= WHAT YOU WILL DO =
Exactly the lines from the beginning of the records below through the line with "Building Photo - 7924 Tankard Dr Rental" must be given again, without pictures.
*** Opening EXCERPTED RECORDS ***
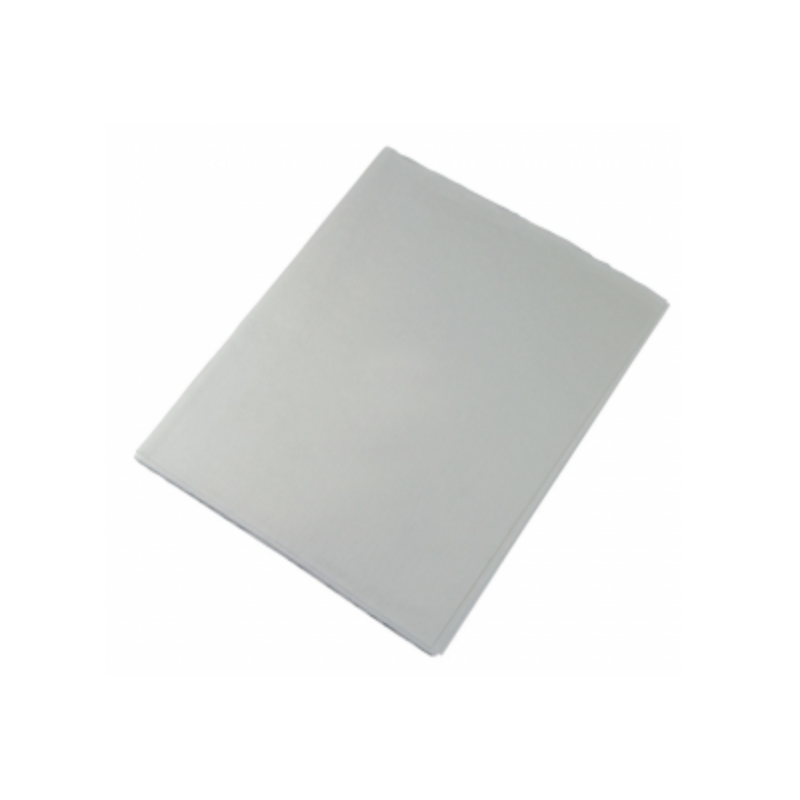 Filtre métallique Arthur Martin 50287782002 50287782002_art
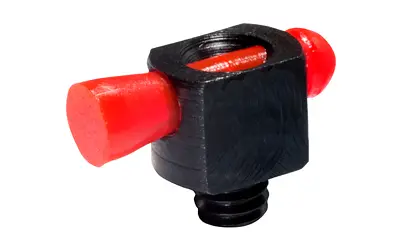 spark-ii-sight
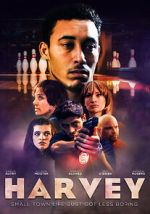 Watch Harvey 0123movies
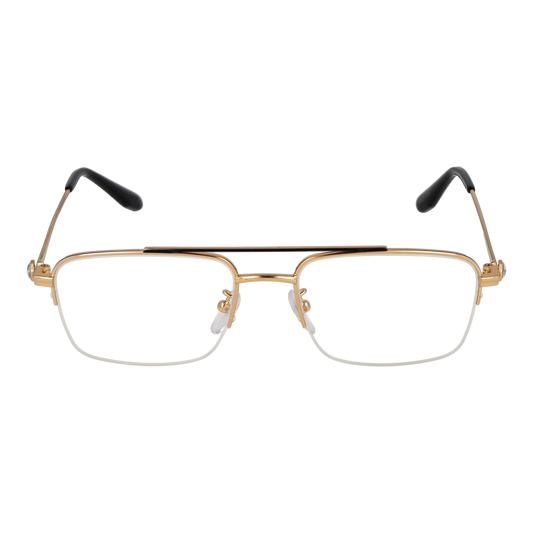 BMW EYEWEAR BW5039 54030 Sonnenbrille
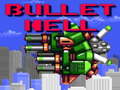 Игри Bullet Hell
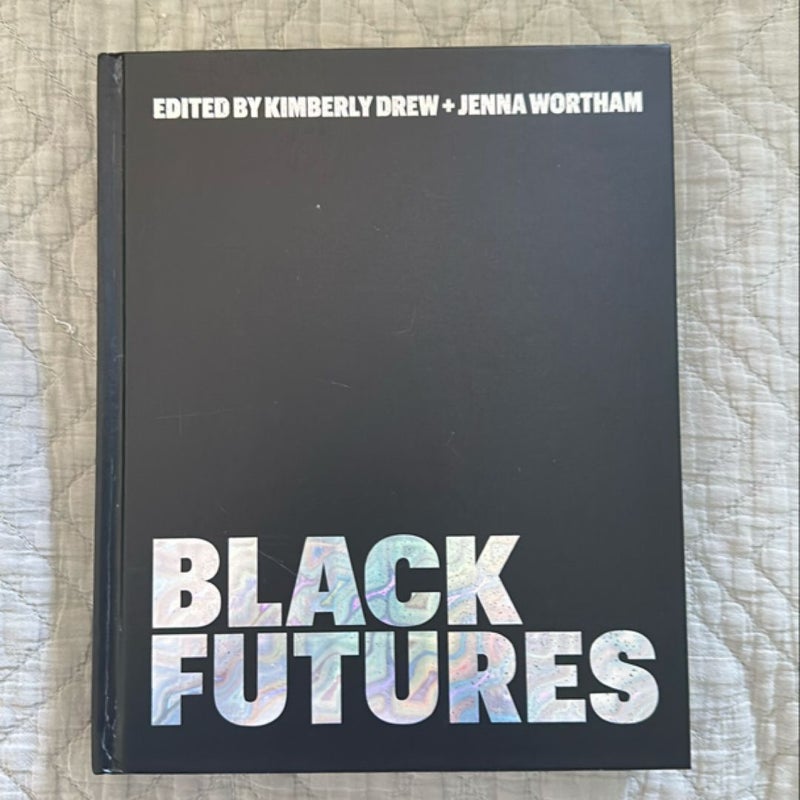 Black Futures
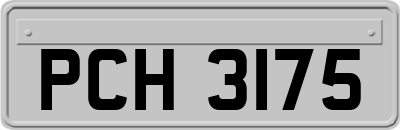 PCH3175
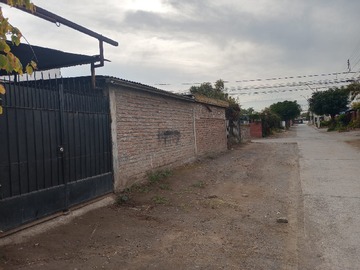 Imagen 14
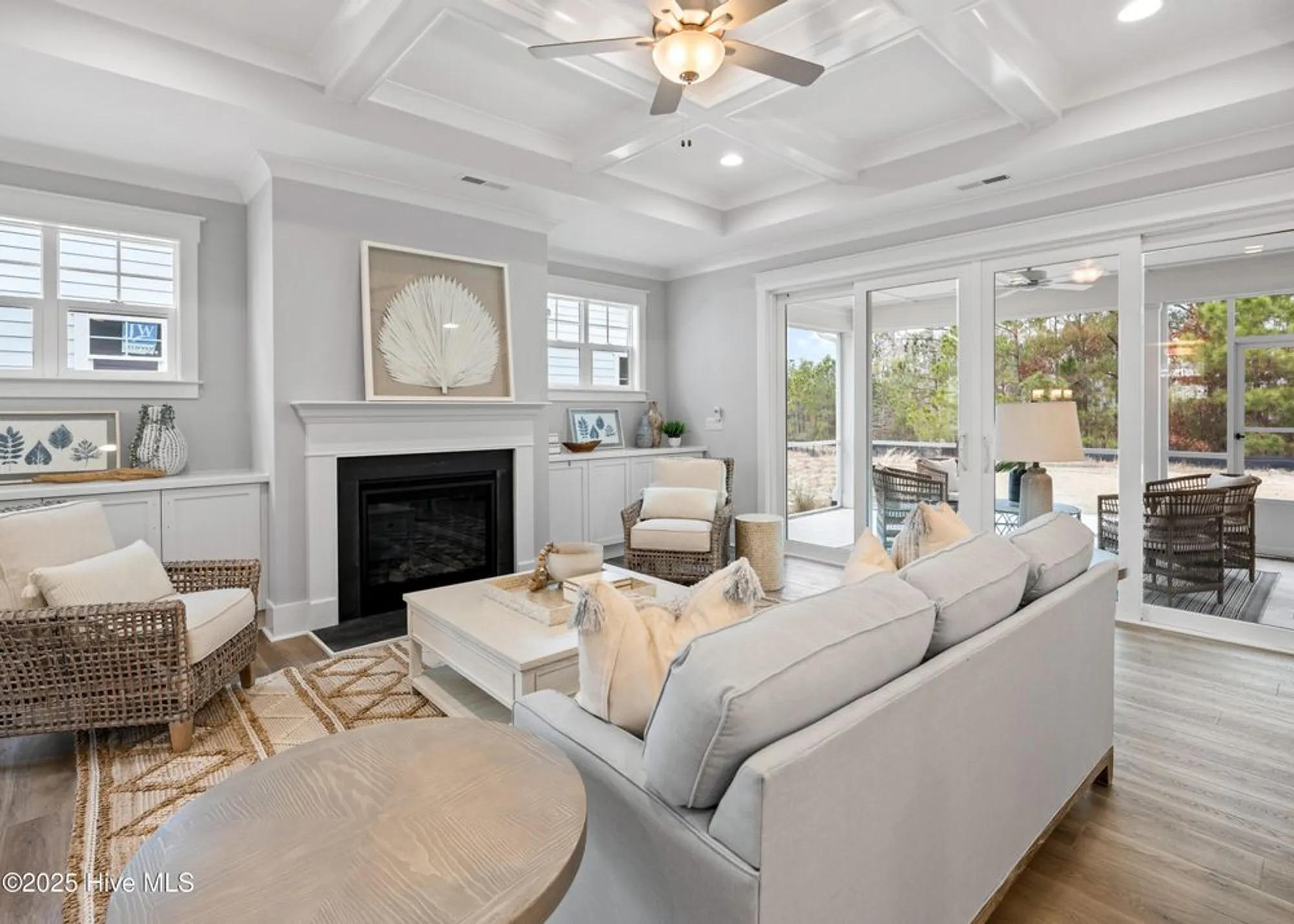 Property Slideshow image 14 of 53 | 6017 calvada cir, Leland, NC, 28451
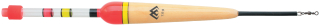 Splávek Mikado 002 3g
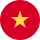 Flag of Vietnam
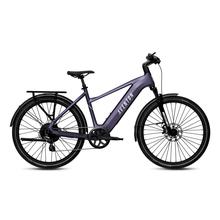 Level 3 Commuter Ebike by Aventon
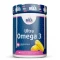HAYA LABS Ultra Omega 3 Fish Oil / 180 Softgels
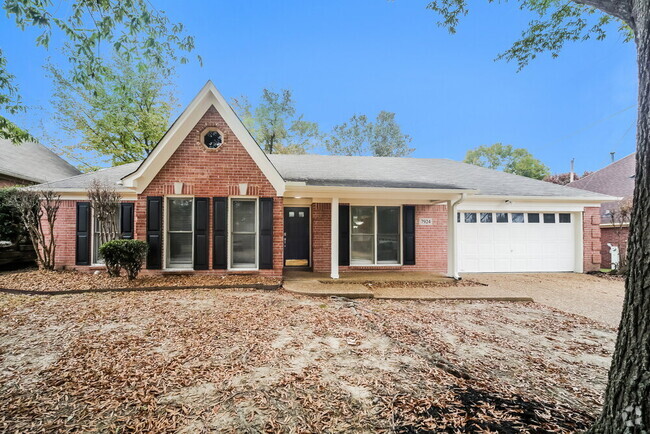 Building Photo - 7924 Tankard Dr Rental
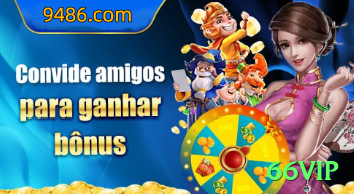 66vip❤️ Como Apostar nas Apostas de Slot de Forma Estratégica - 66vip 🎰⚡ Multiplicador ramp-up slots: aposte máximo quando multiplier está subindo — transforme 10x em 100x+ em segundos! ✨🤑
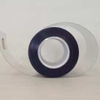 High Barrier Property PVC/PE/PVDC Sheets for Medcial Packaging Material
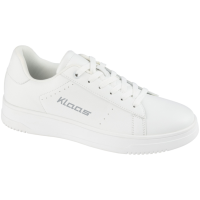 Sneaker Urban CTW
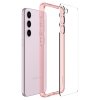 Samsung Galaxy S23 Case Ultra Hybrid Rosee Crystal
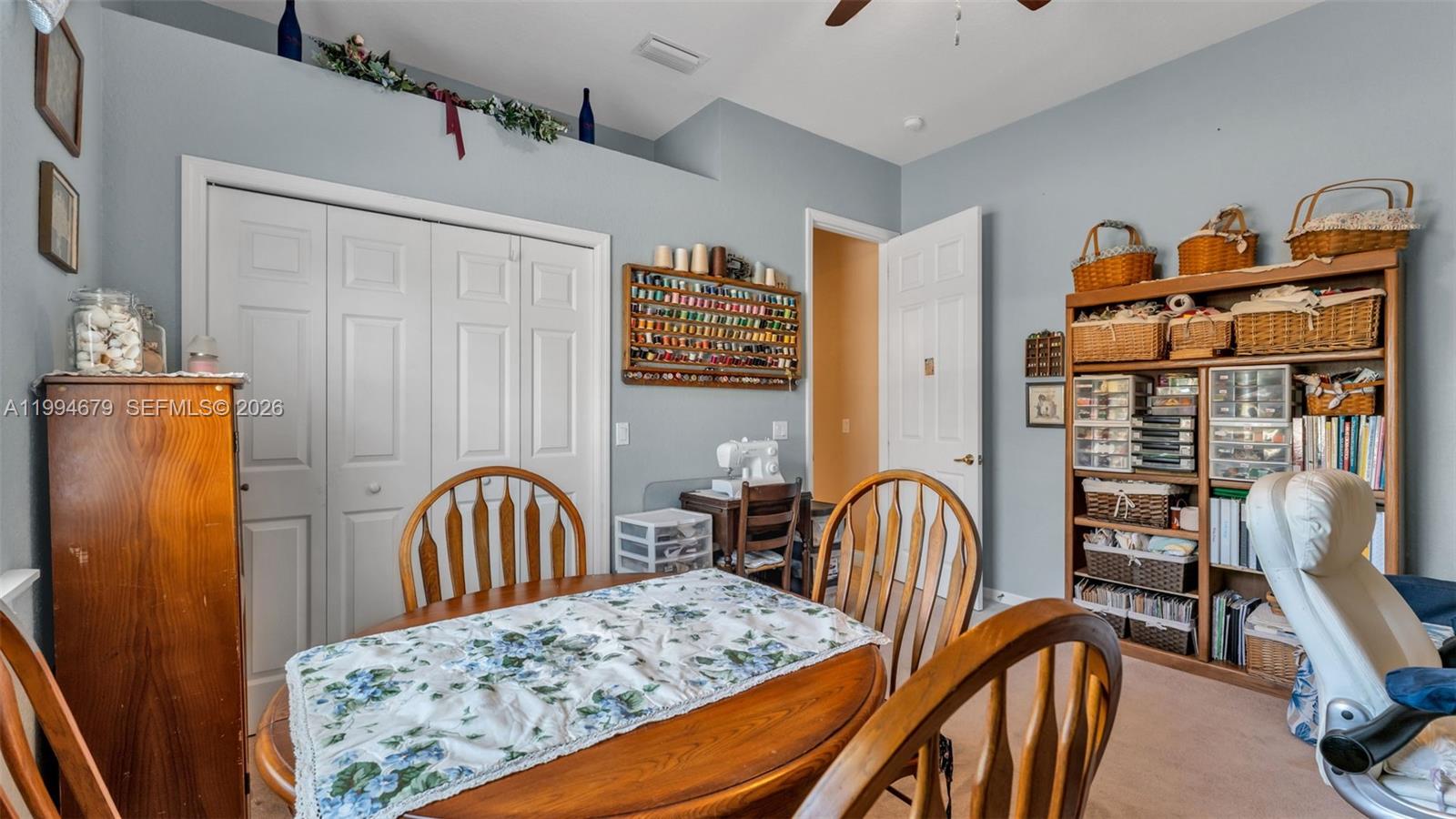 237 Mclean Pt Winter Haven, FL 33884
*** Closing EXCERPTED RECORDS ***
= RESPONSE TO THE TASK =
 Filtre métallique Arthur Martin 50287782002 50287782002_art
 spark-ii-sight
 Watch Harvey 0123movies
 BMW EYEWEAR BW5039 54030 Sonnenbrille
 Игри Bullet Hell
 Black Futures
 PCH3175
 Imagen 14
 Property Slideshow image 14 of 53 | 6017 calvada cir, Leland, NC, 28451
 Splávek Mikado 002 3g
 Flag of Vietnam
 Level 3 Commuter Ebike by Aventon
HAYA LABS Ultra Omega 3 Fish Oil / 180 Softgels
 Building Photo - 7924 Tankard Dr Rental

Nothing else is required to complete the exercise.